O problema de tratar alta comportamental como data no calendário

Um contrato de acompanhamento costuma prever três, seis ou doze meses de duração, e essa duração acaba virando sinônimo de sucesso quando o prazo termina. O paciente sai satisfeito, o profissional fecha o caso, e os dois assumem que o trabalho está concluído ali mesmo.

A regressão aparece depois, quando a rotina muda, chega um período de estresse ou uma viagem longa, e o paciente não sabe corrigir a rota sozinho. Nesses casos, o prazo cumprido não impediu o retrocesso, porque o critério usado para encerrar o acompanhamento nunca avaliou se havia autonomia real por trás do número na balança. Lucas Peralles costuma citar esse tipo de caso para explicar por que datas fixas, sozinhas, dizem pouco sobre o paciente.

O que muda quando a alta vira comportamento consolidado?

Uma alta comportamental não olha para o calendário, olha para o que o paciente consegue sustentar sem ajuda.
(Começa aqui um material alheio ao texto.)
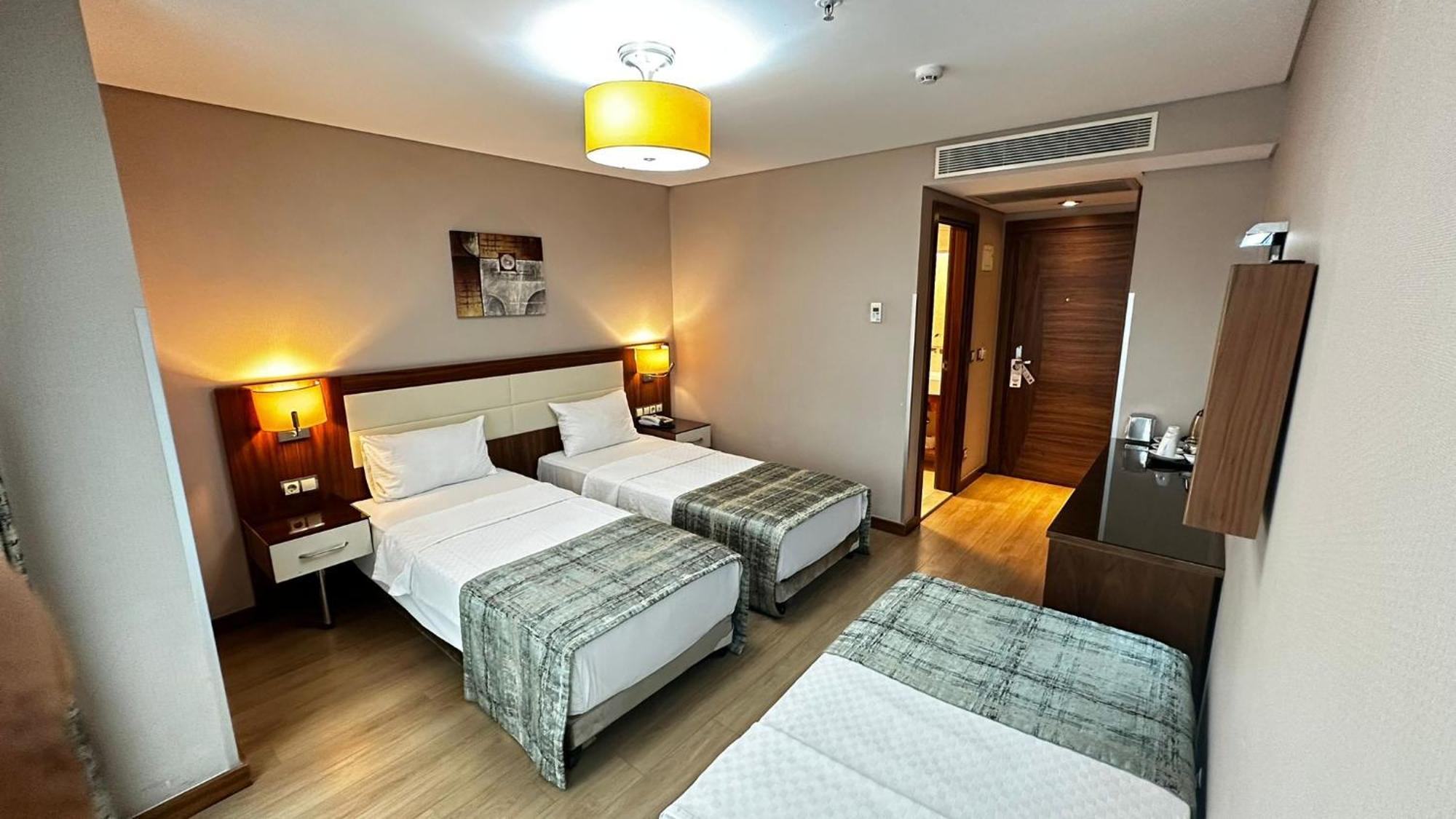 The Meretto Old 4* Istambul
Entram nessa conta manter parâmetros de saúde com previsibilidade, reconhecer gatilhos antes que virem descontrole e corrigir uma semana ruim sem entrar em pânico ou em compulsão.

Lucas Peralles
Lucas Peralles

Como especialista em comportamento alimentar, Lucas Peralles costuma repetir que um paciente magro ainda dependente de supervisão constante não terminou o processo, apenas trocou de fase. Segundo ele, a alta é um estado confirmado na prática, não uma data marcada com antecedência no início do tratamento. A diferença parece sutil, mas separa quem mantém resultado de quem volta a procurar ajuda meses depois.
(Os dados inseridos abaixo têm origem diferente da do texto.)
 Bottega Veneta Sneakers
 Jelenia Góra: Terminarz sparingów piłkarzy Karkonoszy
Como a Clínica Peralles avalia se o paciente está pronto?

Na Clínica Peralles, a avaliação de alta observa se o paciente sustenta consistência sem depender de retorno frequente, se sabe o que fazer diante de uma semana fora do padrão e se não atribui o resultado a um único fator isolado, como um medicamento ou um alimento específico. Lucas Peralles montou esse critério justamente para evitar que a alta vire uma formalidade burocrática.

Lucas Peralles descreve essa leitura como conceitual, e não como uma lista fechada de exames, porque cada paciente chega a esse ponto por um caminho diferente. Alguns levam poucos meses, outros precisam de mais tempo, e o que conta é o comportamento observado, não o número de sessões já realizadas nem a data prevista em contrato.
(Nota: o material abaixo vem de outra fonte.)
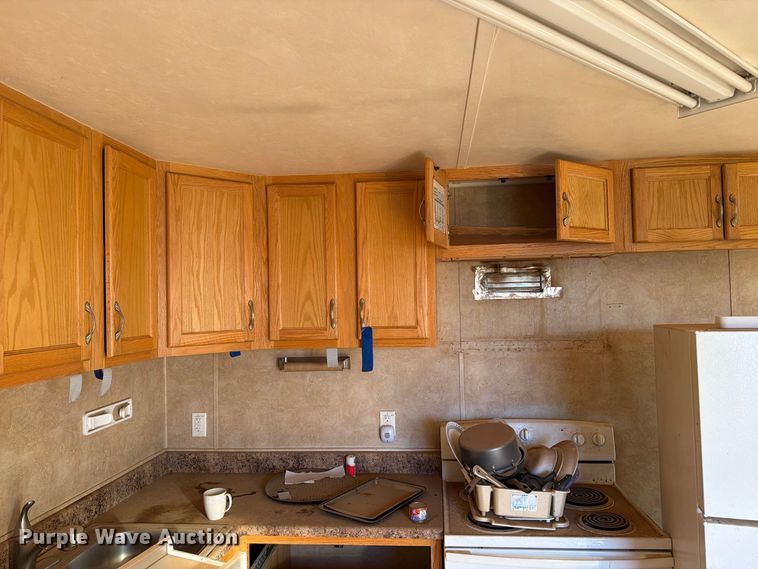 image for item FT6935 2011 Teton Buildings skid mounted office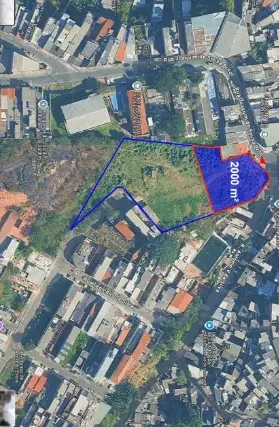 Imagem: Terreno para Alugar, Vila Siqueira (Zona Norte)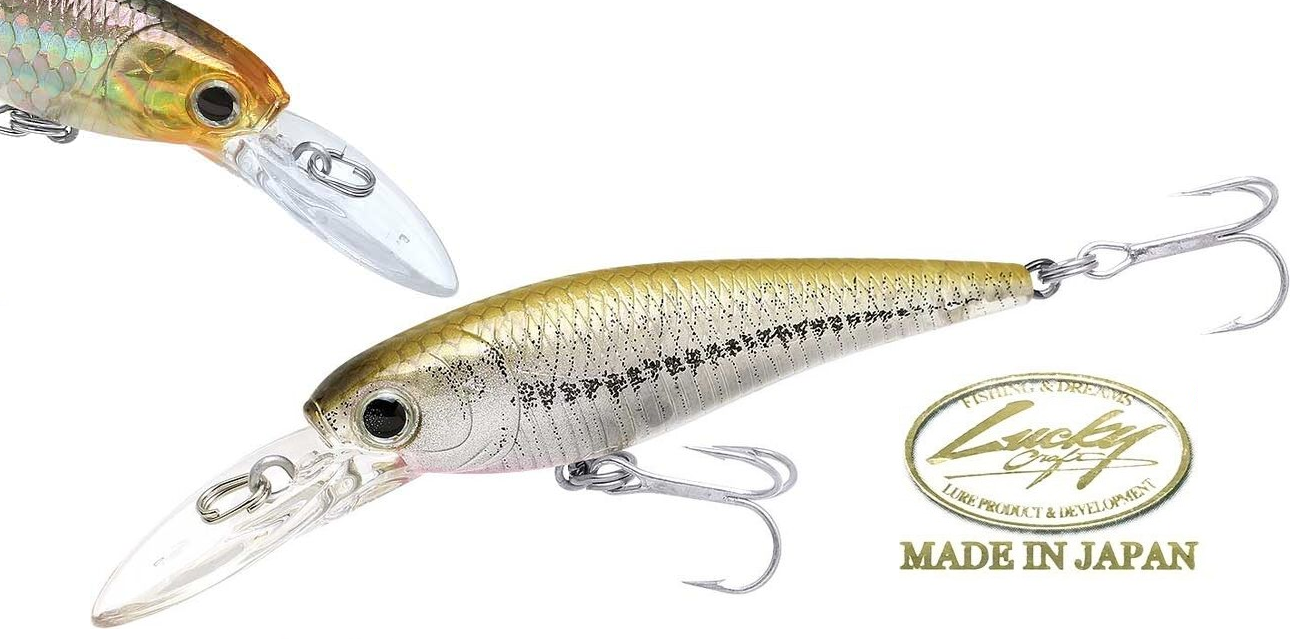 Immagine del prodotto Lucky Craft Bevy Shad 60SP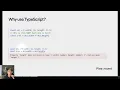 Coding Bootcamp Session 19 Intro to TypeScript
O que sustenta esse tipo de resultado no dia a dia?

Sustentar um resultado depois de qualquer acompanhamento depende de coisas simples: ajustar a rotina numa semana cheia, comer fora sem culpa nem exagero e voltar ao padrão em poucos dias quando algo sai do combinado. Nenhuma dessas habilidades exige força de vontade extraordinária, exige apenas repetição e um pouco de paciência com o próprio processo.

Nenhuma delas aparece de uma hora para outra. Elas se constroem aos poucos, em decisões pequenas repetidas ao longo de meses, até virarem parte natural da rotina, e é justamente esse acúmulo silencioso que separa um resultado passageiro de uma mudança que permanece mesmo quando ninguém está observando de perto, em qualquer fase da vida.